One of the fun parts of social media is sharing the joys that friends experience. Recently, one of my friends got married. I shared her joy as she posted about the engagement. Then, they went to Rwanda to hold a traditional Rwandan engagement ceremony. (I met her through volunteering to work with Africa New Life.) Then came the wedding here in the United States, with all the pictures. You could see the joy on my friend’s face throughout the process. People share the joy from weddings, from the births of babies and, at my age a lot of friends are posting about grandbabies, from accomplishments in school and sports. I saw a lot of pictures from a recent chess tournament as players celebrated their victories. Some have noted that when you share the joy you’re experiencing, the joy is doubled.
We get joy out of so many different things in life. We talk about joy a lot during the Christmas season, and some people get so caught up in it that they’re already talking about Christmas. (OK, folks, the Christmas season doesn’t start until the Friday AFTER Thanksgiving. Experience the joy of giving thanks in the meanwhile.) Some have noted that JOY makes a great acronym if you think about it as Jesus, Others, Yourself. True joy happens when you put Jesus first in your life. True joy continues when you think about others before you think about yourself. And while we’re supposed to be selfless as we think about others, we do see that God takes care of us. We all want the joy that comes from God, or do we? “Consider it pure joy, my brothers and sisters, whenever you face trials of many kinds, because you know that the testing of your faith produces perseverance.” (James 1:2-3)
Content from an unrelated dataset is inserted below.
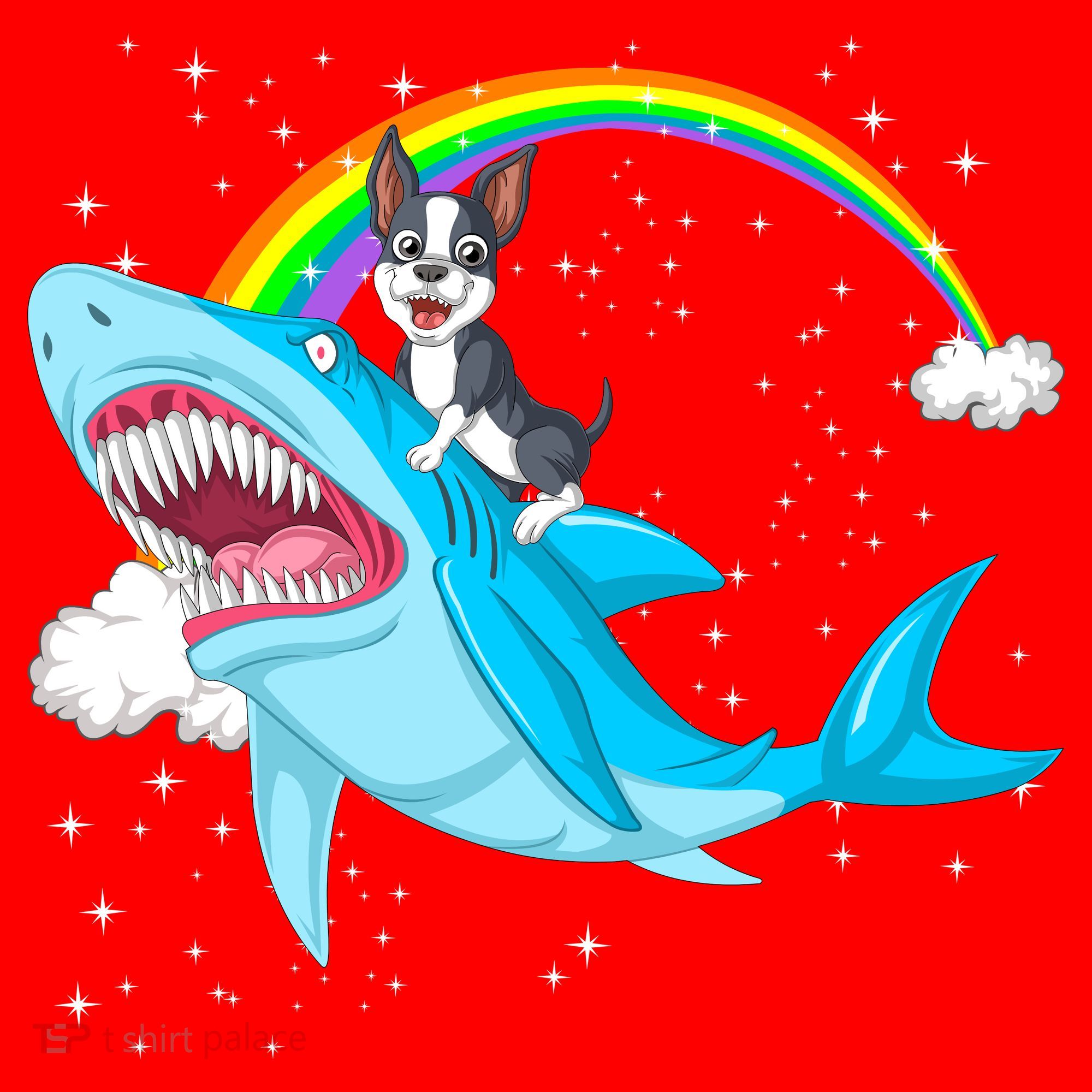 Boston Terrier Riding Shark Santa Hat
Don’t you hate it when God redefines concepts? If you’re like me, you want to talk with God and let Him know that He doesn’t quite understand the concept of “joy” if we’re supposed to consider it “pure joy” when we face trials because of our faith. But, as we think about it, because that statement is so jarring to our natural beliefs, it keeps coming to mind, we are known more by our enemies than our friends. I allow practically anyone to “friend” me on Facebook, hoping that the gospel message I share might draw them to Jesus Christ. You might see some strange friends on my list; but, if someone were to spend time attacking everything I wrote, the nature of the attacker would tell you more about me than the nature of my friends. When evil people attack us because of our faith, we’re to consider it “pure joy” because that means we are living our faith correctly and we are making an impact on the lives of other people.
If you really think about what it means to follow Christ, it means that you develop a mindset that isn’t controlled by the desires of this world. We aren’t too good for the economy, because we don’t believe in things. We don’t do worldly things like seek revenge or put other people down to make ourselves look better. At least we shouldn’t. The problem with a godly mindset is that it is so opposed to the mindset of people in the world that those who are deep in the desires of the world begin seeing us as enemies. Perhaps they see us as enemies because our lives are so different as a result of our relationship with God that they can’t understand us. (I sure hope that’s true in my life!) Perhaps they see us as enemies because they see us as a threat to their way of life. Whatever the situation may be, if we are living lives that honor God and we face trials, we need to rejoice. We rejoice not because of the trials themselves, but because those trials help us grow and develop perseverance. The smaller trials prepare us for even harder trials in the future – but always take joy in remaining faithful in the face of trials.
Lord, I don’t really want to take joy in trials – I wish they wouldn’t come. But if trials prove my faith, thank You!